> Supplied data
------------------------------------------------------------

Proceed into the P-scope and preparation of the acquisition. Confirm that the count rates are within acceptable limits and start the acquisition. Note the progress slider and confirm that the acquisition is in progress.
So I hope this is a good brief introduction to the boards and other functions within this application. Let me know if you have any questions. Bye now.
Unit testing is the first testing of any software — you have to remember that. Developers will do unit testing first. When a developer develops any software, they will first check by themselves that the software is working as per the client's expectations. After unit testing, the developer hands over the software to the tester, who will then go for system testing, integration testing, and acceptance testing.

------------------------------------------------------------

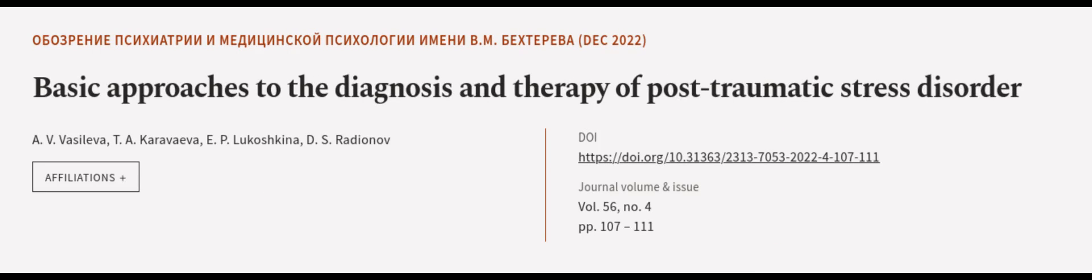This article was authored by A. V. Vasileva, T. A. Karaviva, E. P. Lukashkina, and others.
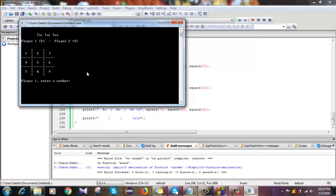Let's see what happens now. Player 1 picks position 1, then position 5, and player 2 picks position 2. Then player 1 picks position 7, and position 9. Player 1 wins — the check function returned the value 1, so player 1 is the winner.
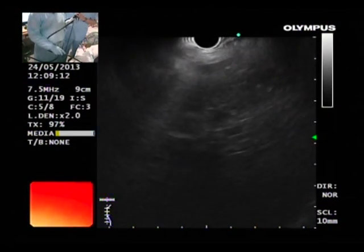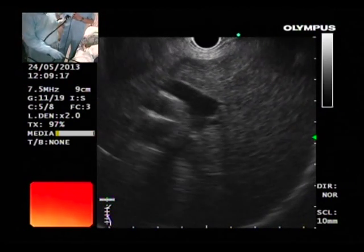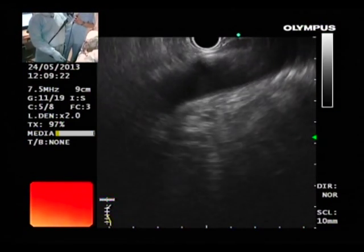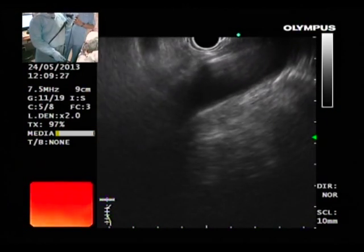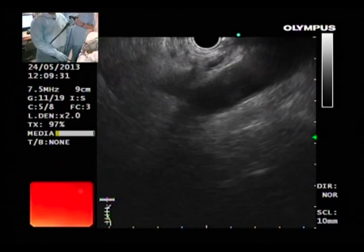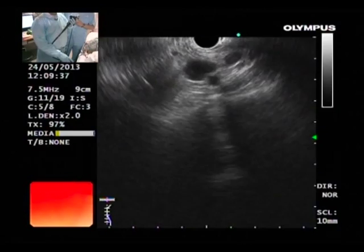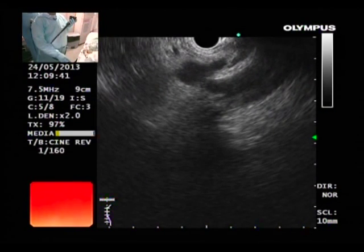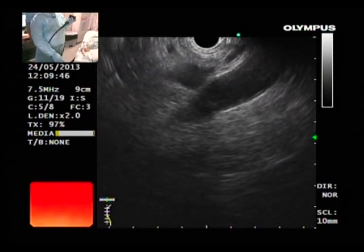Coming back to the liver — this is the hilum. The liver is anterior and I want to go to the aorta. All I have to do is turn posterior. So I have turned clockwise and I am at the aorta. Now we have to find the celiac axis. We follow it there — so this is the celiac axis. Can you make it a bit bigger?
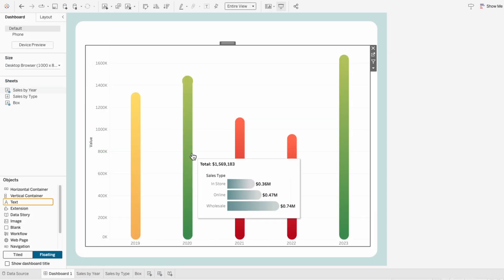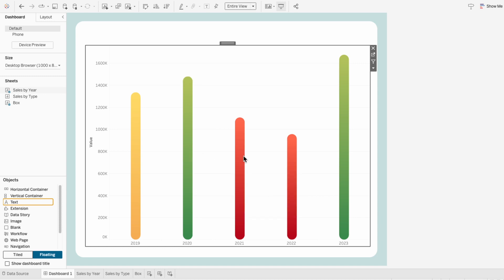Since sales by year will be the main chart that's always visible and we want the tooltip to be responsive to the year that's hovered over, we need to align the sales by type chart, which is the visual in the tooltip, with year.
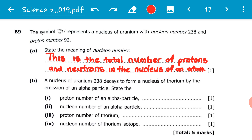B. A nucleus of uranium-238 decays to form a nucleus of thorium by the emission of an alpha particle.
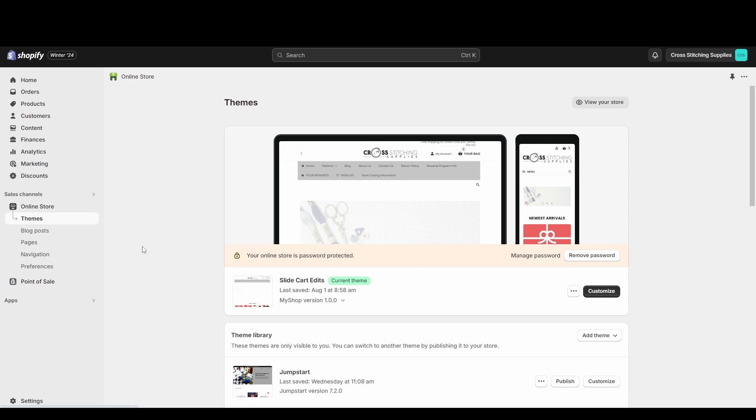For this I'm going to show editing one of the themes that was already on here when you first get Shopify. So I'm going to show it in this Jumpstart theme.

------------------------------------------------------------

> Work required
Begin at the line in the entries above that has "Coming back to", stop after the line that has "For this I'm", and output exactly those lines without pictures.

> Exercise output
Coming back to the liver — this is the hilum. The liver is anterior and I want to go to the aorta. All I have to do is turn posterior. So I have turned clockwise and I am at the aorta. Now we have to find the celiac axis. We follow it there — so this is the celiac axis. Can you make it a bit bigger?
Since sales by year will be the main chart that's always visible and we want the tooltip to be responsive to the year that's hovered over, we need to align the sales by type chart, which is the visual in the tooltip, with year.
B. A nucleus of uranium-238 decays to form a nucleus of thorium by the emission of an alpha particle.
For this I'm going to show editing one of the themes that was already on here when you first get Shopify. So I'm going to show it in this Jumpstart theme.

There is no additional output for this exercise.